Nvidia takes a $2 billion stake in Marvell — Nvidia invested $2 billion in Marvell Technology to co-develop “NVLink Fusion,” a platform that integrates Marvell’s custom AI accelerators into Nvidia’s proprietary interconnect fabric. The deal also covers silicon photonics and 5G/6G AI infrastructure, signaling Nvidia’s shift from competing against custom silicon to co-opting it. Marvell shares surged 11 percent on the news (Bloomberg).
OpenAI’s Spud finishes pretraining — OpenAI confirmed that its next frontier model, internally codenamed Spud and likely to be branded GPT-5.5 or GPT-6, completed pretraining around March 24. CEO Sam Altman described it internally as “a very strong model” that could “really accelerate the economy.” Prediction markets point to a Q2 2026 public release, potentially before WWDC (Geeky Gadgets).
Uber and WeRide go fully driverless in Dubai — Uber and WeRide launched fully driverless robotaxi service in Dubai, operating fare-charging rides without a human safety operator in the Jumeirah and Umm Suqeim tourist districts.
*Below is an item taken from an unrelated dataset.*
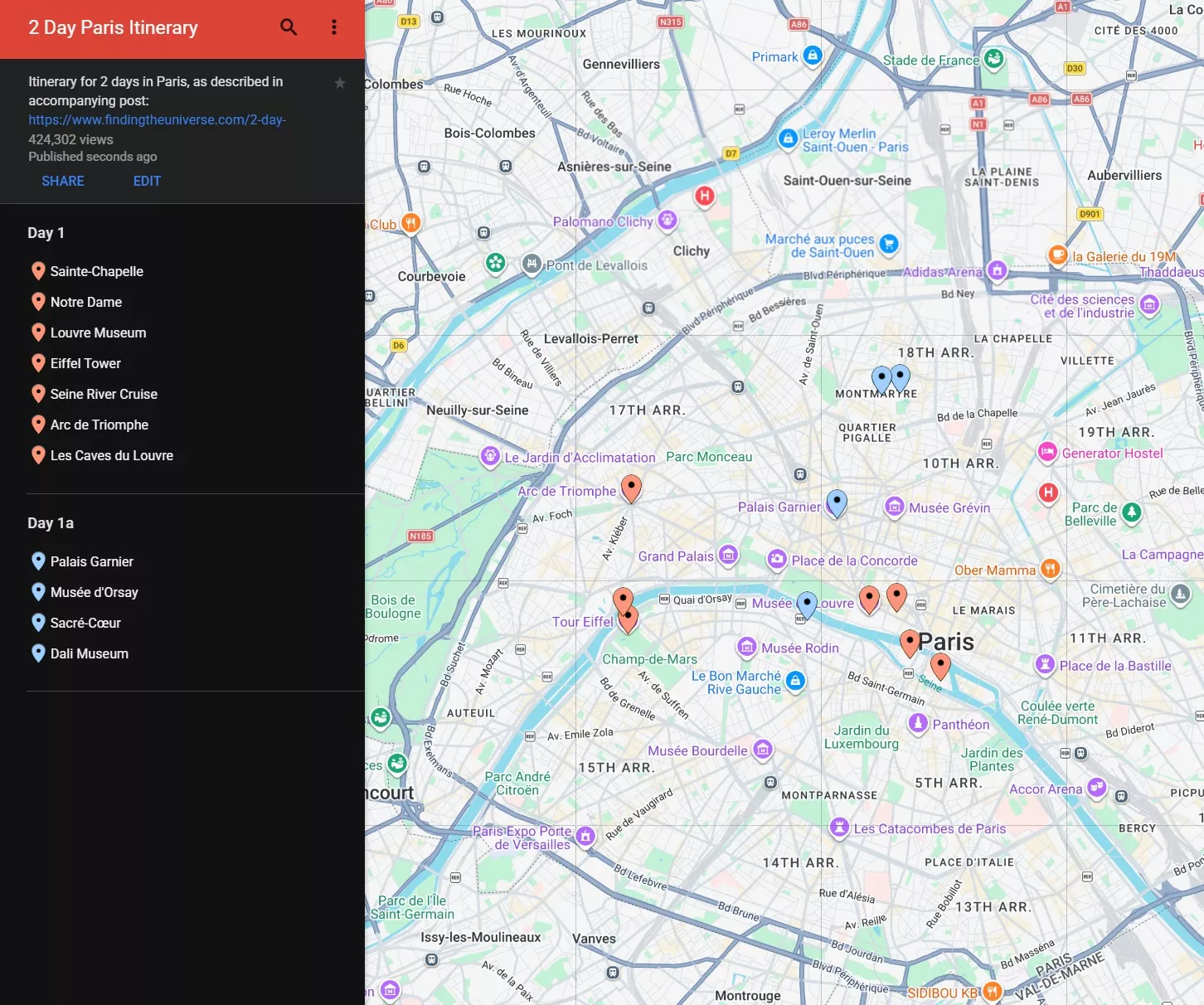 2 day Paris map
Uber disclosed a 5.82 percent equity stake in WeRide as part of a commercial partnership targeting 15 additional cities over five years (TechCrunch).
Google ships Gemini 3.1 Flash-Lite for penny-pinching developers — Google released Gemini 3.1 Flash-Lite, a model delivering 2.5x faster time-to-first-token and 45 percent faster output than its predecessor, at $0.25 per million input tokens — roughly one-eighth the cost of Gemini 3.1 Pro. The efficiency play aims to capture high-volume developer workloads where margins matter more than benchmarks (VentureBeat).